Mr Snook is far from worried. "If you look at Deutsche Telekom in Germany, they are a bureaucratic, slow-moving, autocratic, arrogant organisation," he says. "If you look at what they've done in cellular, it's exactly analogous of what Vodafone did to Cellnet. Cellnet always had a few less subscribers (than Vodafone) and they focus on trying to get more market share. They've always been far less profitable and had far fewer quality customers. The same has been true of Deutsche Telekom. They don't understand their home market, so how are they going to understand the British market, or other markets around the world? It's going to be difficult for them."

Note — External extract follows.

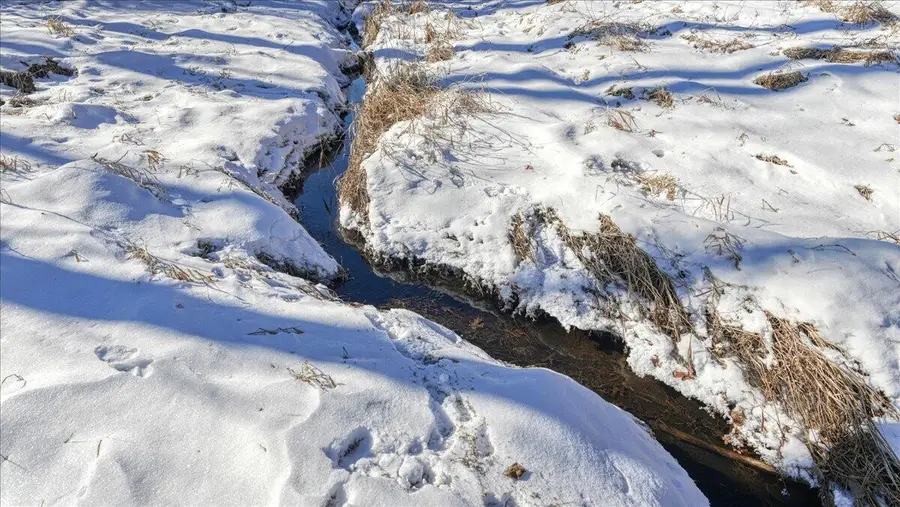 0 GRAPEVINE AVENUE, Tomah, WI 54660 - #3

If being scathing about competitors, and fellow Germans, comes easily enough to Mr Snook, he's considerably more enthusiastic promoting the mobile future, which by his account has a long way to run. Mr Snook fully expects 80 per cent of the population to have mobile phones, and as many wireless devices again deployed in homes and cars.
"What the British Telecoms, Deutsche Telekoms and AT&T's are today is where we get to tomorrow," he says. "They start being in a different business, more in the entertainment and broadcasting business, interactive 3D television and video into the home. Mobile telephones will take 90 per cent of the voice traffic."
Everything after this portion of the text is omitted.